My grandfather was a station agent for the CB&Q, and that’s the road that served my hometown of Scottsbluff, Neb., but just across the river in Gering was the Union Pacific Depot - which still stands today, used as a museum as I recall. Neither of them was on the main line so, if you were taking a trip of any distance, you had to go “somewhere” and transfer.
A great-uncle of mine worked for the Union Pacific in some capacity involving railway mail - for some reason I never did ask any details. I always thought he actually worked in a railway mail car, but I think he was probably in a building near the Omaha Union Station (which also still stands), and probably in some managerial position. There is a vacant building across the street to the southwest of Union Station (if I have my directions straight), and I wonder if that might have been where the railway mail was handled.

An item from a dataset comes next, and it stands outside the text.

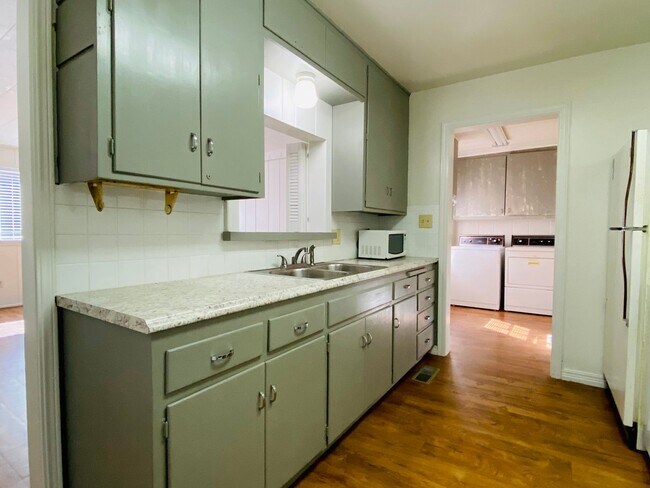 Foto del edificio - 3 bed 2 bath 1 car garage in The Village!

We visited the Omaha station in 2007, but got there too late for a tour. The last time I was there was in the 1950s. I also recall my great-uncle taking me to a downtown Omaha Union Pacific building that had at least a small display of historical railroad items, if not a full-blown museum.
My parents both worked at the Scottsbluff Post Office and a man from there would make two trips a day to Gering, transporting mail to and from the depot. It was illegal for him to carry passengers, but I would often ride with him in his pickup truck. I’d take the train from Gering to Lyman, Neb., to spend time at a relative’s farm. When it was time to come back, I’d either call or send a postcard (1-cent) and they would let the mail carrier know I needed a ride back to Scottsbluff. This was in the 1940s, and I was probably age 8-12 or so.
The train wasn’t exactly a “streamliner” - it almost always included at least one cattle car along with one or two passenger cars. I can still remember so well the slow pace, the click of the wheels on the rails, and the gentle swaying back and forth.
I never did know how far east or west the train went, or what happened when it got to the end of its journey. There must have been a roundhouse or something which allowed it to make the return trip. It was such a pleasure to ride a train, also inexpensive and convenient, and I’ve always loved them. What a shame they no longer exist as they did then - especially those with coal-burning steam engines. I never have warmed up to diesels!